▶ _RECORDED INFORMATION_
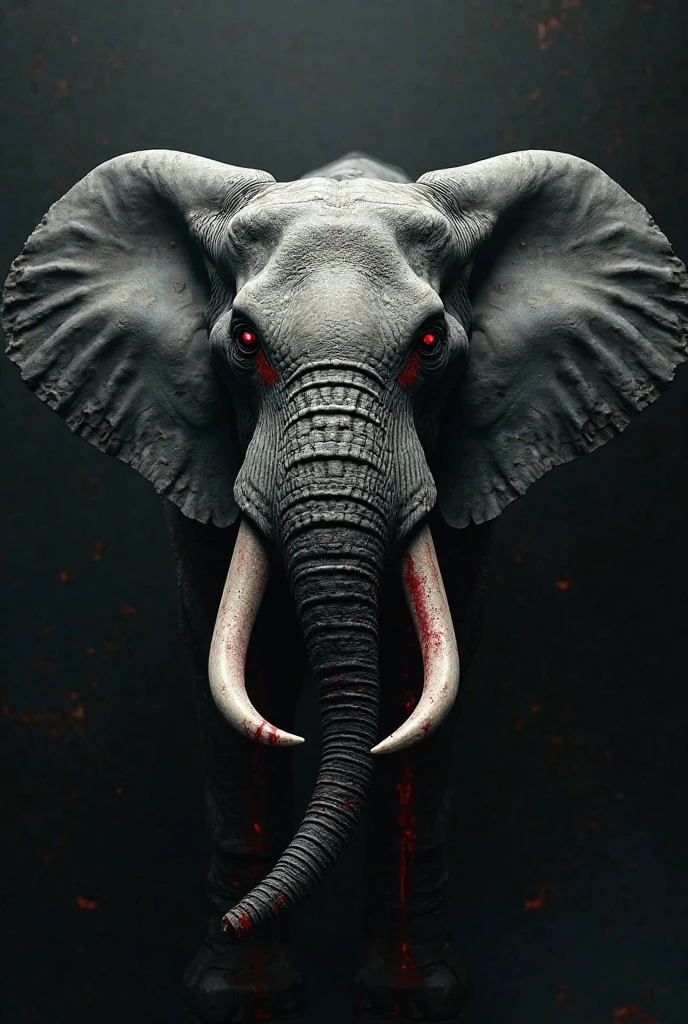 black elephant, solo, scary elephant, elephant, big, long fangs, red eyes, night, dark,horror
...
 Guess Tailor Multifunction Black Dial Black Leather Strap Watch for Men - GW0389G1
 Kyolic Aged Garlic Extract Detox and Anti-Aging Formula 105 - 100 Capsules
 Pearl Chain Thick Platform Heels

▶ _TASK PROMPT_
Wherever the line holding "Guess Tailor Multifunction" falls in the entries above, copy exactly from it through the line holding "Pearl Chain Thick Platform Heels", inclusive, and add nothing.

▶ _RESPONSE TO THE TASK_
 Guess Tailor Multifunction Black Dial Black Leather Strap Watch for Men - GW0389G1
 Kyolic Aged Garlic Extract Detox and Anti-Aging Formula 105 - 100 Capsules
 Pearl Chain Thick Platform Heels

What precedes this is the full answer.